山根 世界の人口は、2050年には現在より3割多い90億人に達すると考えられます。これに対応するには、今より倍の食料が求められます。単純に食料も3割増といかないのには、人々の生活が豊かになって肉食が増えている事実があります。牛肉1キロ得るには、トウモロコシ約10キロが必要なため、膨大な量の穀物を賄わなければならなくなるからです。
   ところが、地球上にこれ以上農地は増やせませんし、水資源にも限りがあります。問題解決には、農業技術を活用して土地や水などの自然資源を保全しつつ、生産量を増大することが必要です。モンサントでは大豆、トウモロコシ、ナタネ、綿(わた)の収量を2030年に2000年の倍にする目標を立てていますが、育種、農薬、微生物製剤、精密農法などの栽培管理方法と並ぶ重要な技術として、遺伝子組み換え技術を推進しています。
   遺伝子組み換えは、従来の育種ではできなかったことを実現する新しい育種技術ととらえて頂くのがよいのではないかと思います。例えば、ハワイの特産品のひとつ、パパイヤは1970年代にウイルス病が発生して壊滅状態になりました。育種技術を駆使してウイルスに抵抗性を持つパパイヤを作ろうという試みも失敗しました。そこで米コーネル大や米農務省が遺伝子組み換えでウイルス抵抗性のパパイヤを開発し、ハワイのパパイヤ産業を救ったという例があります。

――遺伝子組み換え作物反対派は映画や書籍で、「環境や人体に与える影響は誰にも分からない」と主張しています。安全性をどのように説明しますか。

山根 遺伝子組み換えでつくった害虫抵抗性のトウモロコシを例に挙げると、害虫が食べると死ぬ「Btタンパク質」の遺伝子をトウモロコシに入れたもので、従来のトウモロコシとの違いは遺伝子が1つ加わった点です。実は人間は、トマトでも魚でも「膨大な数の遺伝子」から成る食物を日々食べています。遺伝子は基本的に私たちの消化器官で分解されるので、これまでの長い歴史の中で「遺伝子を食べる」ことで人体に問題が起きたことはありません。

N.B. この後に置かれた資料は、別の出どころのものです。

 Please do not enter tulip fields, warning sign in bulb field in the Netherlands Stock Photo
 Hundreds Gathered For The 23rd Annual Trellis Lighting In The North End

   遺伝子はタンパク質を作るもので、タンパク質は消化されます。確かに、消化されずに腸に達してアレルギーを起こすタンパク質もありますが、消化されれば分解されてアミノ酸となり、腸で吸収されてアレルギーは起こしません。国際的な安全性評価基準では、タンパク質が消化されるかどうかをしっかり確認しています。
   遺伝子もタンパク質も消化されれば、体の中に何かが残るわけではありませんので、子どもや孫の体に影響が受け継がれる心配もありません。
   さらに日本では食品安全委員会が、こうした点を含め当社が提出したあらゆる研究データを分析したうえで、安全性を確認しています。